Following on from this, Ann, and her husband Harry decided to make a trip to the UK to see some of the places where the family originally came from, and as part of that my parents hosted a get together, and also invited the various other parts of the Peat family that they had traced.

It was definitely a great afternoon, meeting distant parts of the family, and of course the respective members of each family who are tracing their bits of the tree had a lot to talk about. It also turns out that our Ohio cousins are Mac fans – even running their own specialist Mac Consultancy, called The Peat Group.

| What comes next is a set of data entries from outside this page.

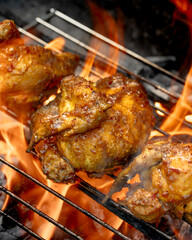 Three pieces of chicken are on a grill, with one piece being the largest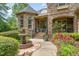 Elegant stone home with a fountain, lush landscaping, and a welcoming entrance at 101 Tussled Ivy Way, Cary, NC 27513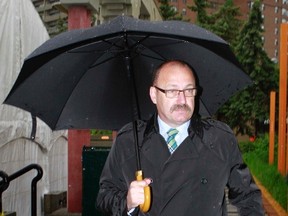 Alberta PC leader candidate Ric McIver leaves a media availability opportunity after speaking to media on Thursday June 19, 2014 in Calgary, Alta about his recent participation in a controversial group's march. Jim Wells/Calgary Sun/QMI Agency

Perhaps the only awkward moment was when someone mentioned the Iraq war, as it turned out that they were Bush supporters, although I gather that having been in the UK for a week or so, they’ve realised what most people over here think. However I did get an answer to the question of why so many people voted for Bush, which does highlight a big difference between the opinion we in the UK have of politicians and what they thought. They said that they felt that the negative press that Bush recieved in the US was due to a negative, liberal media, and that he was really a nicer guy that he had been portrayed. Compare that with the fundamentally opposite opinion of politicians we have in the UK, where we are so used to political spin that our opinion is that the majority of them are being untruthful or misleading in order to get us to vote for them. Certainly most people think that the stuff that the media tells us is the tip of the iceberg, and of course the slow peeling back of the increasingly shaky justification for the war in the first place has only led a lot of people in the UK to distrust politicians even more.
As an aside, there was actually a certain irony in talking politics with somebody from the Peat side of the family, as certainly my Dad’s parents never really struck me as political. All the politics where on the Kinsey side where my Grandfather Kinsey was very active in local politics holding a seat on his local council until his death.
After that we wisely avoiding political discussion! After that we then moved on, and found a shared interest in Doctor Who, so they were keen to watch the penultimate episode of the new series, which has yet to be sold to a US TV station, even sending an e-mail back home to amongst other things, tell their kids about the show! (More of my opinion about last nights episode in a later posting.)
All in all, it was a good afternoon, and certainly great fun meeting distant relations. We’ve all swapped names, addresses, web site addresses etc, so hopefully we’ll welcome some of our American Peat relations back soon, and maybe go and see them too.